PORT ALBERNI, B.C. — After investigating a complaint regarding BC Timber Sales’ (BCTS) logging of large old growth trees in the Nahmint River Watershed, officials have concluded the group’s forest stewardship plan does not align with the Vancouver Island Higher Level Plan Order and does not properly preserve old forest and biodiversity values in some ecosystems.
“The 2001 Vancouver Island Land Use Plan Order sets specific objectives for conserving biodiversity,” said Kevin Kriese, chair of the Forest Practices Board, in a statement. “More detailed landscape unit planning was supposed to provide clear direction on how much and where to conserve old and mature forest, but that planning was never completed. BCTS was left with a complicated set of legal objectives to interpret, and we found it missed important details that are required to manage for biodiversity in the Nahmint.”
In the plan, BCTS decided to conserve a minimum amount of old forests in biogeoclimatic zone variants, but the Vancouver Island Land Use Plan Order mandates it to conserve old forest in each site series, a finer scale of classification that captures a wider range of the diversity of the ecosystems found in the area.

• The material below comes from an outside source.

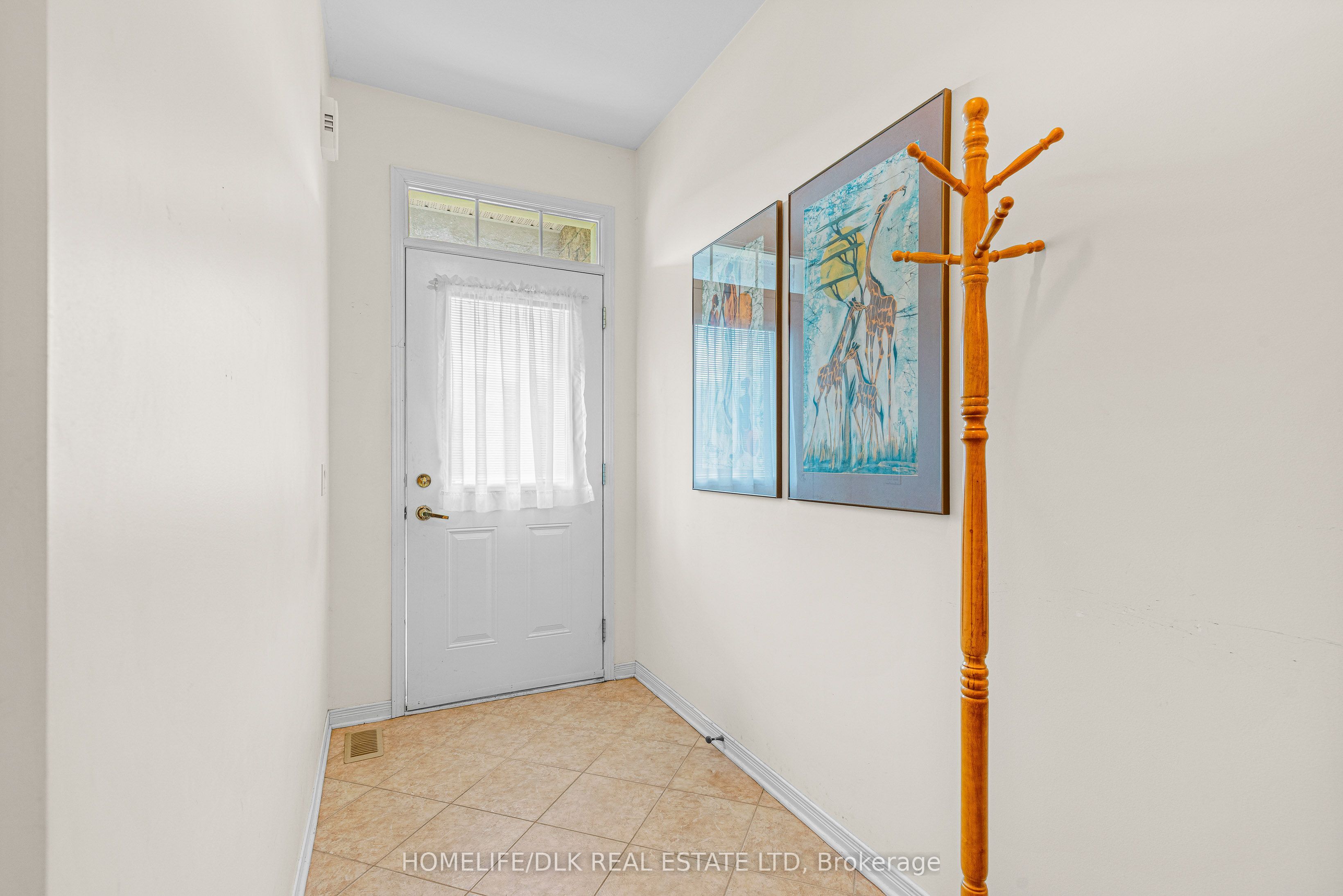 5 Susanna Lane Property Photo 4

“BCTS’s FSP did not meet the legal objective, and it should not have been approved. We looked at the remaining forest in the watershed and found there are some ecosystems that could be at risk if more logging takes place in them,” Kriese said.
The FSP recommends the province conduct landscape unit planning to specify the amounts of forest to retain in different site series and that BCTS amend its plans to align with legal objectives. It also recommends BCTS ensure it does not sell any timber sales in these high-risk ecosystems until the landscape unit plan is completed.
The investigation was launched after a complaint from Ancient Forest Alliance whose members saw BCTS licensees harvesting large old trees in 2018.
They also raised concerns about the adequacy of a government investigation of the matter. The board found that government’s investigation was reasonable.
However, the current legislation limits the ability to enforce the provisions of the Vancouver Island Higher Level Plan Order.
“The current legal framework does not permit government to ensure that FSPs approved in error can be amended, and this does not give the public confidence in government’s compliance and enforcement,” Kriese said. “We are recommending government fix this gap in the legislation.”
The Nahmint River Watershed is about 20 kilometres southwest of Port Alberni and covers 19,950 hectares. It begins at Alberni Inlet and extends northwest, surrounding the Nahmint River and Nahmint Lake. It is within the traditional territory of the Nuu-chah-nulth people.